Bemerkenswert fand ich dann noch, dass alle deutschen Biobauern in dem Film mit mehr oder weniger großen, Diesel betriebenen Landmaschinen gearbeitet haben. Das finde ich soweit in Ordnung, nur hätte ich hier auch eine Doku über die Amish mit ihren Pferdegespannen und ihren, wie mir kürzlich ein deutscher Landwirtschaftmeister gesagt hat, auch ökonomisch sehr gesunden Höfen eingefügt, denn das Vorbild der Amish dürfte letztlich, anders als die deutschen Biobauern mit ihren Diesel getrieben Traktoren, wirklich eine Zukunft haben .  Der amerikanische Autor J.H. Kunstler, der sich sehr gut mit den Problemen unserer Zeit auseinandergesetzt hat, hat nach seinem Sachbuch The Long Emergency: Surviving the Converging Catastrophes of the Twenty-first Century [7] in seinen Romanen der World Made by Hand [8] -Reihe die Zukunft im nachindustriellen, nachfossilen Zeitalter im Nordwesten der USA so geschildert, dass dort ganz selbstverständlich die Landwirte keine Traktoren und Mähdrescher mehr haben, sondern nur noch Pferde- und Maultiergespanne, und jede Menge ehemalige Computerspezialisten, Büroangestellte  usw. die nun als Tagelöhner bei den Landwirten und teilweise auch faktisch als leibeigene Landarbeiter bei Großgrundbesitzern ihren Lebensunterhalt verdienen.  Im letzten Roman der Reihe kann die Hauptperson sich nur mit brutaler Gewalt im letzten Moment einer Zukunft als Arbeitssklave entziehen. Kunstlers Sichtweise auf die Zukunft erscheint mir grundsätzlich ziemlich realistisch und vernünftig, auch wenn die Zukunft in Europa meines Erachtens aus geopolitischen Gründen wesentlich weniger idyllisch werden dürfte Kunstler sie in seinen  Romanen für den Nordwesten der USA beschreibt.

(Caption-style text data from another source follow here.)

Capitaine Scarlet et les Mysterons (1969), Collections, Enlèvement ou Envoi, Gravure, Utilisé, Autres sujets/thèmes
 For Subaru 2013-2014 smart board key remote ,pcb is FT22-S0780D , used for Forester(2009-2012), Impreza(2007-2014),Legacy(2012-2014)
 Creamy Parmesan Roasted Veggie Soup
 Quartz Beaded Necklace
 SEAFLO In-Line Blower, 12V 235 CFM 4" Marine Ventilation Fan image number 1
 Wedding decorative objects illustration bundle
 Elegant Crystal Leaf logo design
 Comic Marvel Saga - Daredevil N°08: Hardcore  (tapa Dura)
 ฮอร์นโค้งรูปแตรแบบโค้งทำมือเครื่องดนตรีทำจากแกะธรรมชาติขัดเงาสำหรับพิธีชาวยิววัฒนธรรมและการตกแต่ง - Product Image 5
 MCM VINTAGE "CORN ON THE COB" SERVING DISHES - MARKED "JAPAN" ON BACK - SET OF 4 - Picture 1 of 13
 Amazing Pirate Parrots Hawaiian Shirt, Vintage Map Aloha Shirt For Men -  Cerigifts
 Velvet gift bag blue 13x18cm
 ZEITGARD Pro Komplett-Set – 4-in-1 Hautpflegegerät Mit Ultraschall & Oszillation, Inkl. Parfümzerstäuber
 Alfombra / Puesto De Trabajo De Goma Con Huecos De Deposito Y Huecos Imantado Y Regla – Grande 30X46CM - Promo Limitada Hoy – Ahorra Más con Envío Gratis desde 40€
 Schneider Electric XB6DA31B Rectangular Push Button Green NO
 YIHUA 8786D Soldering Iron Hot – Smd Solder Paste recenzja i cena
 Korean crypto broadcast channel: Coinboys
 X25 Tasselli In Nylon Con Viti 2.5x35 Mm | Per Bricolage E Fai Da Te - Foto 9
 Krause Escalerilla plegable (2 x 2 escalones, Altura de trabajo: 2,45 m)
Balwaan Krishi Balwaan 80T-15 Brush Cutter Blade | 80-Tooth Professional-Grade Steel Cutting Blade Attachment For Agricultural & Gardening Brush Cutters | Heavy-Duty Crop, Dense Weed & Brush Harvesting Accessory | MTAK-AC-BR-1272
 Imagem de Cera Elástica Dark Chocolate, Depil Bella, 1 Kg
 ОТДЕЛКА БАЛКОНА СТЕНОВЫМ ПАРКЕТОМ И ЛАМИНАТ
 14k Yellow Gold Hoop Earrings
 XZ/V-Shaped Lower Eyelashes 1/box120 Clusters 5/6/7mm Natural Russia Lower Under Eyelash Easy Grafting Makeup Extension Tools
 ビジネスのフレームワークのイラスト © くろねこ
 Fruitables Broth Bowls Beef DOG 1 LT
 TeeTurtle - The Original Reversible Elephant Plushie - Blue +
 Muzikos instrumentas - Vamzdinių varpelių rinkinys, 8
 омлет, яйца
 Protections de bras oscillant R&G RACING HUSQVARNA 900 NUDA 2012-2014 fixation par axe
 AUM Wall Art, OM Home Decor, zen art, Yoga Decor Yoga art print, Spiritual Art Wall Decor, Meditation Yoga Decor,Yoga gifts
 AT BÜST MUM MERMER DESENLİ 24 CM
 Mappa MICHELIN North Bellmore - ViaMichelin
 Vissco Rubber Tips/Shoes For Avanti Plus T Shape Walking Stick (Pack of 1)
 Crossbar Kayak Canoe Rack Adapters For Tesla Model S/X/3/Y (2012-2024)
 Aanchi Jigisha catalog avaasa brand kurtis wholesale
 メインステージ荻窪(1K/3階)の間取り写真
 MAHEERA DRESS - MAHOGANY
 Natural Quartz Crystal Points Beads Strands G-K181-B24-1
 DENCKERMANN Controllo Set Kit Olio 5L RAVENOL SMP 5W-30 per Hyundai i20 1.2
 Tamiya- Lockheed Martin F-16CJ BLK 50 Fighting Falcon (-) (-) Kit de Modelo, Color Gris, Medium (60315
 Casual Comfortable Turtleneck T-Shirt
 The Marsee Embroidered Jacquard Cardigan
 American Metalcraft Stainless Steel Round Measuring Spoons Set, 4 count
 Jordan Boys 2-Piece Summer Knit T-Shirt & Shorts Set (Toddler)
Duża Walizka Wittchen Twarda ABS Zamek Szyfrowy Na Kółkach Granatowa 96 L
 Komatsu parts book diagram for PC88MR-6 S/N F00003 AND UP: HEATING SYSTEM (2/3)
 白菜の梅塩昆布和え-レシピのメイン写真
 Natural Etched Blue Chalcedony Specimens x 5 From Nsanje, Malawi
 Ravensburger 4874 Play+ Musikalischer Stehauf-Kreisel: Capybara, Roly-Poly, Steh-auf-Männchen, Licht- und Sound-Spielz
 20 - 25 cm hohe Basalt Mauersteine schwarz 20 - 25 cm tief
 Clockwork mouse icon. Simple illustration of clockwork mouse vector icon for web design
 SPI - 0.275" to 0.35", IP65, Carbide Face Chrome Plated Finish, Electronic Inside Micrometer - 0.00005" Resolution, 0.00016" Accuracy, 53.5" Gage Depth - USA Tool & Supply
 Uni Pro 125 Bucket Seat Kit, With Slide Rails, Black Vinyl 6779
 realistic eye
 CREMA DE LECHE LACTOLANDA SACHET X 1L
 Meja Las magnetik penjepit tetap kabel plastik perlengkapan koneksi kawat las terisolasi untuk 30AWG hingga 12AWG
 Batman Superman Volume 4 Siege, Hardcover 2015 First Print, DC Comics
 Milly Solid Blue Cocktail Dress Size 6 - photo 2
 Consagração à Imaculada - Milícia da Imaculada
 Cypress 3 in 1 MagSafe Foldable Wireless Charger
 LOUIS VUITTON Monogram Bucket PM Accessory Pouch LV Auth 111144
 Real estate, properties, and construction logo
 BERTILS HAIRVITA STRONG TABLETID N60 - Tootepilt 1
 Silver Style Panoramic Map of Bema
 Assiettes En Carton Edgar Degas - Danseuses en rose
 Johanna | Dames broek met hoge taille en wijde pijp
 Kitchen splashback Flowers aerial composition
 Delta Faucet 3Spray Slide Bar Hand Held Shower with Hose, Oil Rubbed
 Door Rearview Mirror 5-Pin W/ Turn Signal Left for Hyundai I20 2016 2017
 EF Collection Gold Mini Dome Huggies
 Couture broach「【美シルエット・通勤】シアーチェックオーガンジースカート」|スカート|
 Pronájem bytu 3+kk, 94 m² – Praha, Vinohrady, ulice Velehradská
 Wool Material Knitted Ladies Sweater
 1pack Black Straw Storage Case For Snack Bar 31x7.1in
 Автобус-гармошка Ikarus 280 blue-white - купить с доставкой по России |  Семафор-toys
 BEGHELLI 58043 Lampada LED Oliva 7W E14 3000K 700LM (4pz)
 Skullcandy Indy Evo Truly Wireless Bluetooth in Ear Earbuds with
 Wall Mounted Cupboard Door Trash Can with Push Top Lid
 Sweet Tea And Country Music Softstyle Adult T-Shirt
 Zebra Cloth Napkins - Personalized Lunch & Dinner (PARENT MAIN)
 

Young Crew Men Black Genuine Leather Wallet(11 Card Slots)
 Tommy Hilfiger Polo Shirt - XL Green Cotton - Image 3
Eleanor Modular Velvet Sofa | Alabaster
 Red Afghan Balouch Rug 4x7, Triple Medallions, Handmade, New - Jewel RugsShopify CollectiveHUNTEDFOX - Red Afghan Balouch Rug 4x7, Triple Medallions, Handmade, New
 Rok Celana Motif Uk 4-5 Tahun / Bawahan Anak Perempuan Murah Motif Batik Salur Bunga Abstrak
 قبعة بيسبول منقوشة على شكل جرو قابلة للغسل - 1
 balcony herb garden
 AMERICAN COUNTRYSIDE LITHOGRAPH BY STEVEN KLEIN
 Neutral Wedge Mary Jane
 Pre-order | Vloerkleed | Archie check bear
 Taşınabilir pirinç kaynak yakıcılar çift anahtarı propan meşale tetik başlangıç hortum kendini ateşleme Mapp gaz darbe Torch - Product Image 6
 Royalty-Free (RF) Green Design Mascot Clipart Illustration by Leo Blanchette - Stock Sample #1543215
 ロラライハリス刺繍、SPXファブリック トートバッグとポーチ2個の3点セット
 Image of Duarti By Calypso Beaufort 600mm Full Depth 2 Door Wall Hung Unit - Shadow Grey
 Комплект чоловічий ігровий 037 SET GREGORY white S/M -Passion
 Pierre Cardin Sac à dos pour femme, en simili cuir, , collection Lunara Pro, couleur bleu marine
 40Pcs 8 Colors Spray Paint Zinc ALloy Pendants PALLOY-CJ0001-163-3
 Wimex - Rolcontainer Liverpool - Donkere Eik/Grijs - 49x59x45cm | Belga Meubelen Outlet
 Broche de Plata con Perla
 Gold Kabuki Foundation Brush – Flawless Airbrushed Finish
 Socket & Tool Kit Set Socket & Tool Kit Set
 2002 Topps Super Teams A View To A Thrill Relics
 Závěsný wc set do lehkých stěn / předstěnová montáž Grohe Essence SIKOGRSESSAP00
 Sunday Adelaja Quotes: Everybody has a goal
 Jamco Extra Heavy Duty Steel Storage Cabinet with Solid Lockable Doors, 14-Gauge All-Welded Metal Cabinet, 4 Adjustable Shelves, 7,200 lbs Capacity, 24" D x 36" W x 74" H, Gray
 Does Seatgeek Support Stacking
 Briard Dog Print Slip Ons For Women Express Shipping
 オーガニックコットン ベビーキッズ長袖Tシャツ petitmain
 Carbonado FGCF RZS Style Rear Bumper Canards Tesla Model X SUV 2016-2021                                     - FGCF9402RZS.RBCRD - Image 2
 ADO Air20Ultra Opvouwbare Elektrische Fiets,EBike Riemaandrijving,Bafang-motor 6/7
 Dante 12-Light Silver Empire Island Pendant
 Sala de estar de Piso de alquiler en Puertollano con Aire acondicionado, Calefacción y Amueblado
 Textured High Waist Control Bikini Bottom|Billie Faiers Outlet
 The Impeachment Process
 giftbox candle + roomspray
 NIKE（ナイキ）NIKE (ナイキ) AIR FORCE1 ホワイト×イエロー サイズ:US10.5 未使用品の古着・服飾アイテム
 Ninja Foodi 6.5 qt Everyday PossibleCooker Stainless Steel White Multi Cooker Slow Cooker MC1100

Die Macher des Films 10 Milliarden – Wie werden wir alle satt? [2] haben nach Lösungsmöglichkeiten gesucht und ich habe dabei auch einige interessante Ansätze gesehen, die aber für mich kaum neu waren.  Meines Erachtens hätte der Film  insbesondere auch Interviews mit John Jeavons, Mark Shepard und Allan Savory bringen und dazu deren praktische Beispiele dokumentieren sollen. Siehe dazu insbesondere auch meine Beiträge Weltweite Verschlechterung der Bodenqualität [9]Unsichtbare Nutzflächen [10], Restaurierende Landwirtschaft [11], Das Keyline-Konzept [12], Überleben in der Eifel [13]  usw..

Die Diskussion nach dem Film fand ich vor diesem Hintergrund gespenstisch. Als ich versucht habe darauf hinzuweisen, dass vor allem auch die hochindustrialisierten westlichen Industriestaaten möglicherweise schon relativ kurzfristig durch ihre totale Abhängigkeit vom Funktionieren ihrer technischen und wirtschaftlichen Infrastruktur an extremem Nahrungsmittelmangel zugrunde gehen könnten,  ist das eher auf Unverständnis gestoßen. Eine ältere Frau meinte sogar “das gehöre doch nicht zum Thema”.

Der Grünen-Landtagsabgeordnete hat dann noch referiert, dass die industrielle Landwirtschaft durchaus gesetzeskonform und völlig rechtens und so gesehen in Ordnung sei. Und dann hat er noch gemeint, kein Bauer wolle zurück zur Bewirtschaftung seiner Felder und Wiesen mit Pferden – was ich so verstanden habe, dass er ernsthaft glaubt, dass Traktoren und alles was man für deren Betrieb benötigt bis in alle Zukunft verfügbar bleiben würden.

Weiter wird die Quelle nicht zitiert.